Casting Molds For Concrete Columns
A cast concrete column is one of the molded concrete items that have become popular as a landscaping and architectural detail in recent years. Cast concrete items are not limited to columns, but also include concrete bricks, cobblestones and concrete figurines.
Making a cast concrete column is a relatively easy and simple process if you have all of the materials needed for the project.
•Concrete Release Agent
Step 1 – Apply Release Agent
Using either a prepared concrete release agent or spray-on vegetable oil, apply a thin coat to the inside of the concrete mold. Do NOT use diesel oil fuel or motor oil as a release agent for concrete molds. This was a popular method that was used in the past, but has been deemed environmentally unfriendly and is discouraged. This will ensure that your mold easily and freely releases the concrete when it is dry. Carefully wipe away any excess release agent so that you will not have any bubbles on the surface of the of your concrete cast columns.
Step 2 – Mix Concrete
Following the instructions on the concrete mix package, mix the concrete. You can also add a colorant to the concrete mixture to create colored concrete columns. The mixed concrete should be stiff and not have excess water as it will not hold its shape in the mold if it has too much water.
Step 3 – Pour Concrete
Pour the concrete into the mold. As you pour the concrete, occasionally tap the mold to bring up air bubbles and pockets to the top of the mold. This will also bring excess water in the concrete mixture up to the top of the mold. Fill the mold to the top with concrete.
Step 4 – Cure the Concrete
Set aside the mold for a minimum of 24 hours to let the concrete cure and dry. Cover the mold with plastic wrap and set it on a level surface in a shady area.
Step 5 – Release the Mold
With the concrete completely dry, turn it so that the fill-hole is at the bottom. Carefully pull the sides of the mold apart to release the concrete. If the sides of the mold stick, push against the center of the mold and then grasp the corners of the mold and pull to loosen.

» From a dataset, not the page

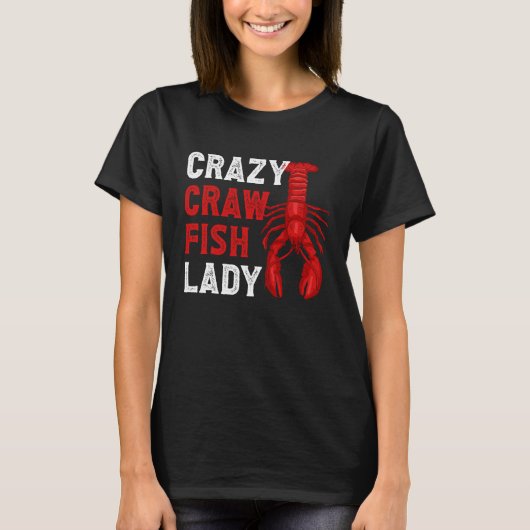 Crazy Crawfish Lady Crayfish T-Shirt (Vorderseite)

Step 6 – Additional Cure Time and Sealing
If you are planning on sealing your molded concrete columns, you will need to set them aside in a protected location for a minimum of one to two weeks longer. Covering the columns with plastic will also protect the concrete from damage.
Once the concrete is completely cured, remove it from the plastic wrap and spray the concrete sealant on the column. Carefully apply at least two layers of the sealant, letting each coat completely dry before applying the next layer.
Molded concrete figures and columns are very easy to make with the right materials and concrete casting molds.